6. Challenges in Complex, Multi-User Environments

The performance and safety contributions of eHMIs vary with environmental and traffic complexity:

Multi-Lane Interference: In unsignalized multi-lane scenarios, allocentric (vehicle-centric) and egocentric (pedestrian-centric) eHMIs yield different cognitive loads and risk profiles. Allocentric cues induce higher cognitive demand and distraction (more gaze time on non-relevant lanes), while egocentric cues risk misleading pedestrians when signals are asymmetric across lanes, possibly raising the incidence of unsafe crossings (Ye et al., 6 Jan 2026).
Interconnected eHMIs: Coordination (e.g., via V2X) across AVs enables unified multi-vehicle signaling, which improves perceived safety and encourages caution but can also introduce semantic ambiguities, especially in color-coded (red/green) systems (Tran et al., 2024). Users require systematic, scenario-driven instruction to correctly interpret interconnected eHMI encodings.
Inclusion and Accessibility: DHH (Deaf and Hard-of-Hearing) participants exhibit longer vehicle gaze and rely more on visual channels. Both visual and auditory cues enhance trust and perceived safety, but only visual eHMIs reduce crossing hesitation and gaze duration (Xu et al., 20 Jan 2026). Multi-modal redundancy is essential for universal accessibility.

7. Future Directions and Standardization

The evolution of eHMI practice is toward adaptive, context-sensitive, and inclusive multi-modal systems, with open research challenges in:

Automated Design: Pipelines integrating LLMs and action renderers to synthesize scenario-specific eHMI actions—benchmarked by human and vision-LLM (VLM) judgments—reduce manual overhead and facilitate scalable deployment (Xia et al., 27 May 2025).
Affective and Embodied Cues: Initial explorations into affective and animal-inspired eHMIs (e.g., TailCue) indicate the need for motion–emotion congruence and scenario optimization. Standalone expressive cues have limited efficacy without complementary context and multi-modality (Wang et al., 2024, Li et al., 18 Nov 2025).
Standardized Metrics and Regulatory Input: Quantitative parameter ranges (color, intensity, blink frequency; e.g., cyan, 3 Hz flash) and efficacy data directly inform emerging ISO and SAE guidelines (Colley et al., 18 Jan 2025). Cognitive load, gaze behavior, and trust are prime candidates for scaling international minimum standards.

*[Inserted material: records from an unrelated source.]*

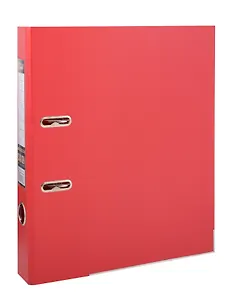 Папка архивная 50мм А4 красная, PVC, прозр.карман, металл.уголки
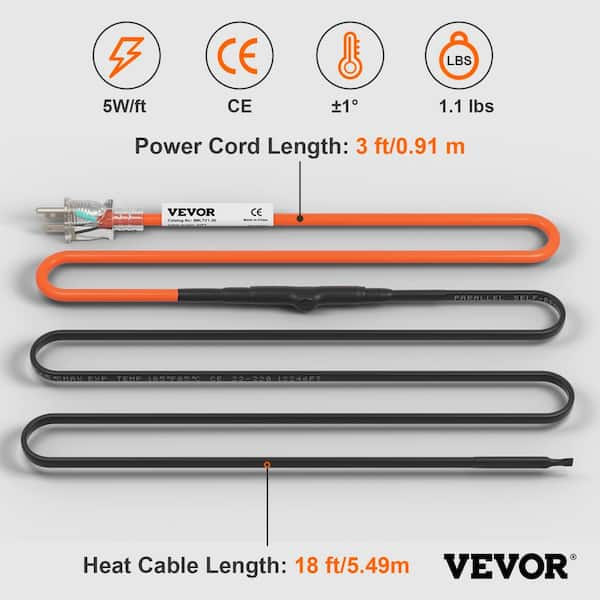 Thermwell Products Part # FK2100 - Thermwell Products 100 Ft. Electric Heat Cable  Reel - Plumbing Specialty Tools - Home Depot Pro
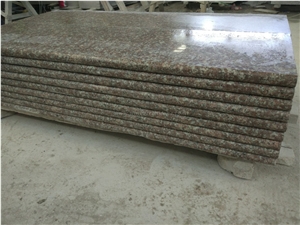 Competitive Price, G687 Granite Staircase, Peach Flower Red Granite Steps & Risers, Taohua Hong Granite Deck Stairs, Xiamen Winggreen Manufacturer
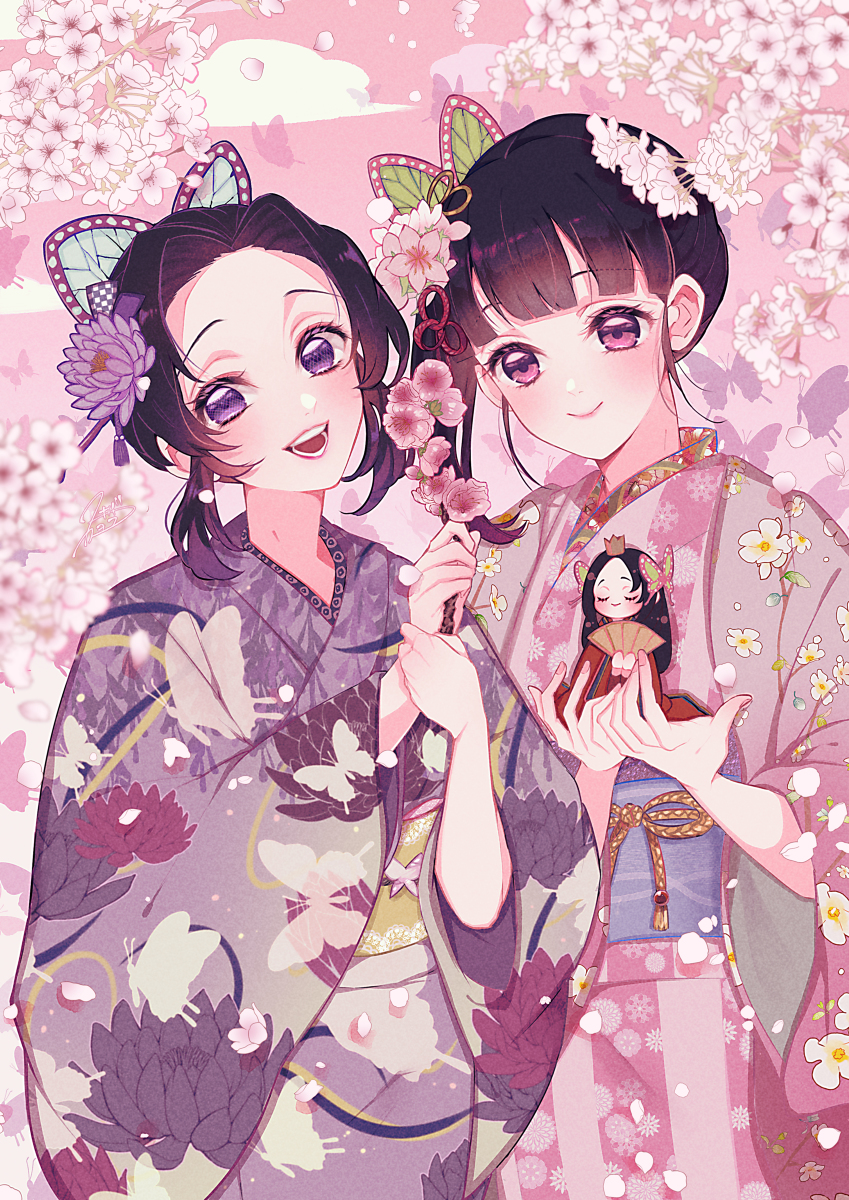 This is a pixiv picture whose title is 胡蝶姉妹と雛祭り.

In sum, research converges on the primacy of legible, multi-modal, context-aware, and harmonized eHMI designs, dynamically tuned to user, situational, and accessibility concerns. Systematic participatory design, formal adaptive frameworks, and evidence-based standardization are central to the realization of universally interpretable, scalable, and safe AV–human communication in mixed traffic environments.